Tozama Mqobi - the Gauteng correctional services commissioner - was accused of renting a R30000-a-month house on a golfing estate at taxpayers' expense - even though a government house had been renovated for her.

Mqobi was suspended on full pay in January when the Correctional Services Department launched an investigation into her renting of the house at Woodhill golf estate, in Pretoria East.

The department said yesterday that it welcomed the ruling of the Public Service Sectoral Bargaining Council.

The conclusion of the case was testimony to the department's commitment to ensuring good governance, it said.

Mqobi and Correctional Services have until October 21 to submit mitigating factors to the chairman of the disciplinary hearing.

Attempts to contact Mqobi failed yesterday.
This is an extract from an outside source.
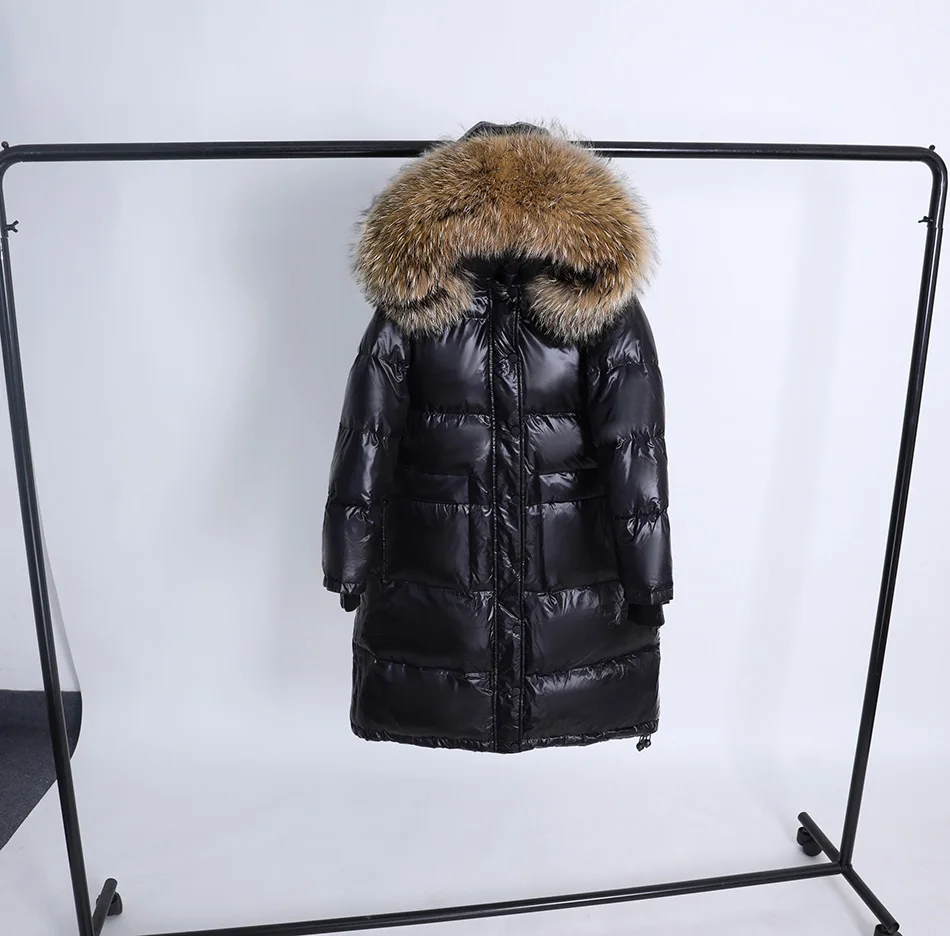 Maomaokong 2026 Women Winter Black Loose Long Down Jacket Real Fox Fur Collar Hooded Fashion Waterproof Female Extra Large Coat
Calls to her lawyer were not answered.

According to the bargaining council, Mqobi's living in a high-security estate complex was more "suited to a business executive seeking private accommodation in an up-market area than [to] a public servant looking for a suitable working facility".

Mqobi moved to the estate despite the government having spent R150000 renovating one of its properties for her use.

The council ruled that Mqobi was guilty of having exposed the government to wasteful expenditure after she vacated the property it provided soon after the renovations were made.

"Section 45 of the Public Finance Management Act encourages officials to utilise state-owned resources and to safeguard the resources of the state," it said.

"The employee committed the employer to a rental agreement whereas there was a house available for her utilisation."

The council was scathing about the Public Works officials who helped Mqobi find the private accommodation, saying they should have stood their ground and not agreed to her demands.

"They [the officials] were more than willing to pander to the whims of the employee and entertained her instructions and suggestions in order to prevent any threat that the employee [Mqobi] would take the mandate away from them," it said.

Mqobi was found not guilty on two charges, related to unduly interfering with Public Works procurement processes and treating department officials in a "disgraceful and deplorable manner".